Она взяла в руки программку проведения майского праздника и, посмотрев в нее, тихо сказала мне: «Но его зовут, к сожалению, не Людвиг и не Фридрих Кафка, а Альберт Мусгнуг, и он является заместителем председателя профсоюза работников химической промышленности». Я перестал писать и взглянул на Линду с улыбкой. Из ее замечания я понял, что литературный мир не был для нее книгой за семью печатями. В этот момент вспыхнула искорка надежды, что я наконец-то впервые встретил человека, для которого литература была такой же путеводной звездой, как и для меня. Мне тут же захотелось пообщаться с Линдой, но нам обоим надо было следить за тем, что говорит Альберт Мусгнуг. Я пофантазировал еще какое-то время, развивая свою мысль, что некий таинственный брат Кафки, скрывавшийся до сих пор, забрел в наши края и превратился, взяв себе имя Альберта Мусгнуга, в видного профсоюзного деятеля химической индустрии. И хотя я совсем не знал Линду, был, однако, уверен, что эта идея доставила бы ей тоже удовольствие. Майские празднества закончились в половине первого. Я исписал целый блокнот и чувствовал себя измученным и опустошенным. Я попрощался с тремя журналистками. Меня не покидала уверенность, что рано или поздно я встречу Линду на одном или другом редакционном задании. Линда была высокой блондинкой с бледным лицом и без всякой косметики. Пожатие ее руки было мягким. На ней был светлый пуловер, клетчатая юбка в складку и туфли без каблуков.

Я без промедления отправился в редакцию. Хердеген освободил для меня письменный стол, на который сбрасывался обычно весь непошедший материал. Впервые я писал репортаж в стенах редакции. Включая «сладкие сопли», он должен был содержать пять-шесть страниц. Сразу после трех вошла фрау Кремер и сдала две с половиной странички о восстановлении церковно-приходского дома Меланхтона.

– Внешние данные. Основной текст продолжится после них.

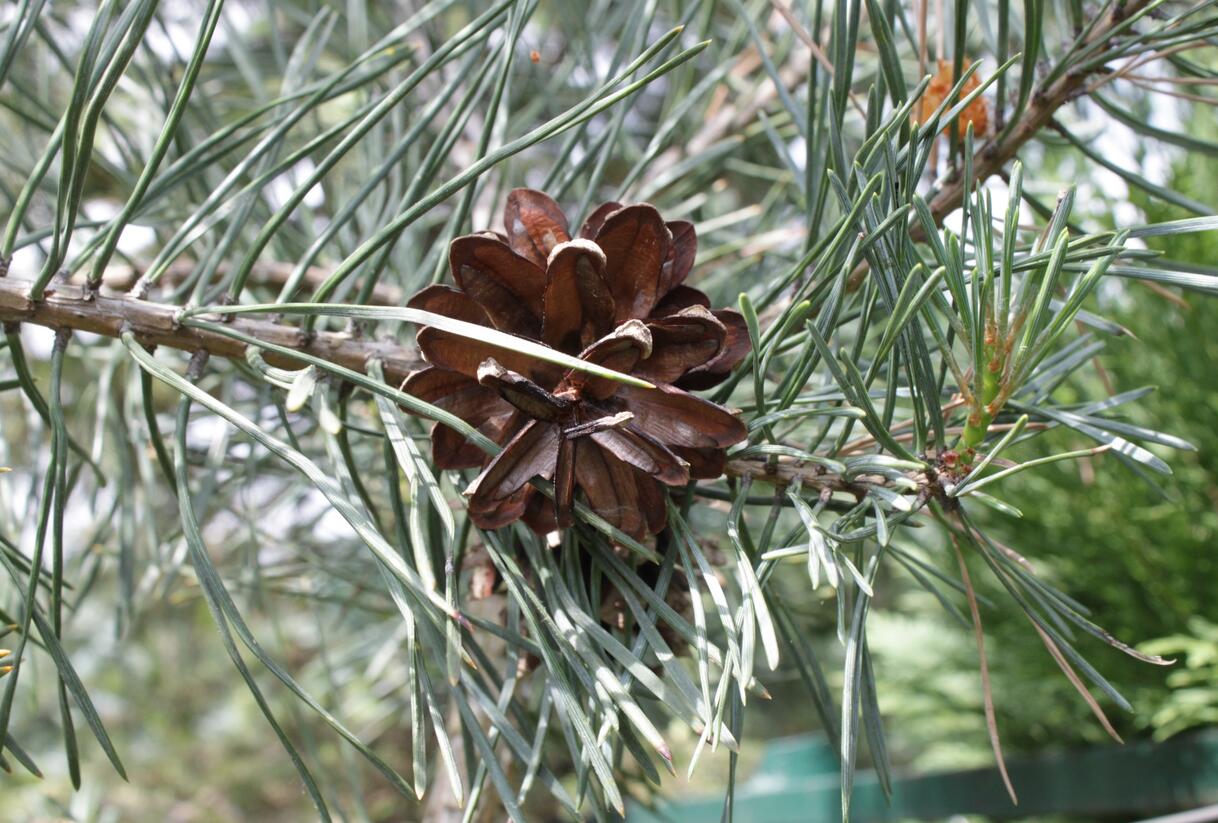 Borovice lesní 'Argentea' - Pinus sylvestris 'Argentea'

Хердеген дождался, пока Ангельмайер покинет помещение, а потом предупредил меня насчет этого господина. Я поднял голову от пишущей машинки. Ангельмайер пятнадцать лет работал у нас редактором, сказал Хердеген, но потом стало известно, что он замешан в коррупции. В его квартире обнаружили завалы мебели, ковров, светильников, зеркал и других предметов домашней утвари, которые он принимал в качестве подарков. Ангельмайер годами протаскивал в свои статьи имена владельцев торговых домов, фирм по продаже автомобилей, заводов металлических изделий и турагентств. Хердеген подошел к своему столу, выдвинул один из ящиков и извлек оттуда вырезку из газеты. «Я прочту вам, как это выглядело». И он прочитал вслух: «На углу мебельного салона Швертфегера и фабрики женской галантереи „Глория“ в четверг вечером произошел несчастный случай, повлекший за собой тяжелые последствия».